RECORDS FOR THIS TASK ->
☆ ☆ ☆ ☆ ☆
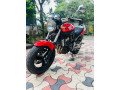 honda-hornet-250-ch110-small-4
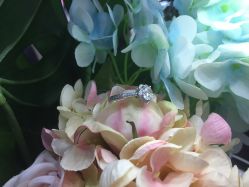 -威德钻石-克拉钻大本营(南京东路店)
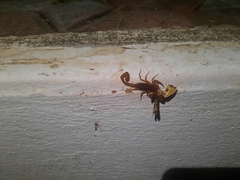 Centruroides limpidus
☆ ☆ ☆ ☆ ☆
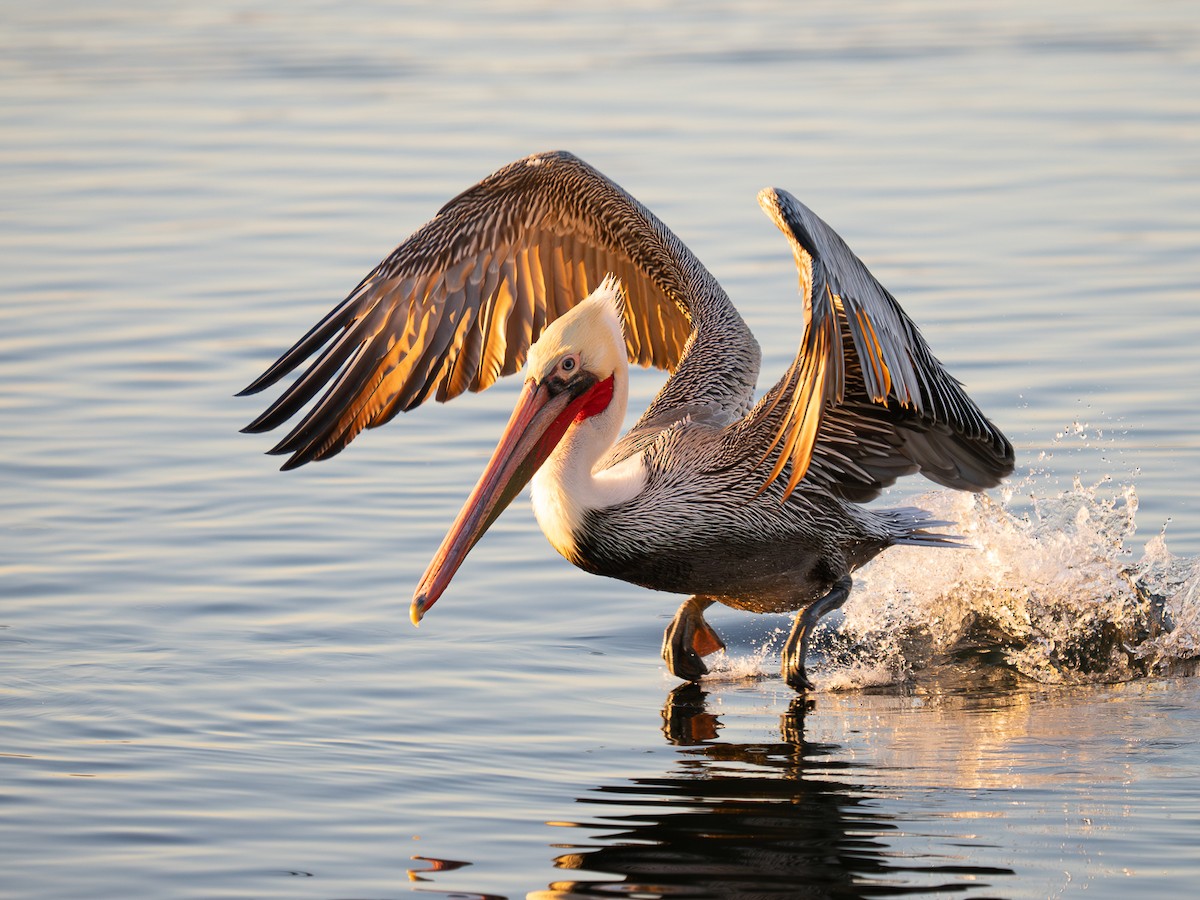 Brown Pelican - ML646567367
☆ ☆ ☆ ☆ ☆
THE TASK -> Print everything from the line with "honda-hornet-250-ch110-small-4" down to the line with "Centruroides limpidus" in the entries above, both lines included and nothing more, without the pictures.

YOUR SOLUTION ->
 honda-hornet-250-ch110-small-4
 -威德钻石-克拉钻大本营(南京东路店)
 Centruroides limpidus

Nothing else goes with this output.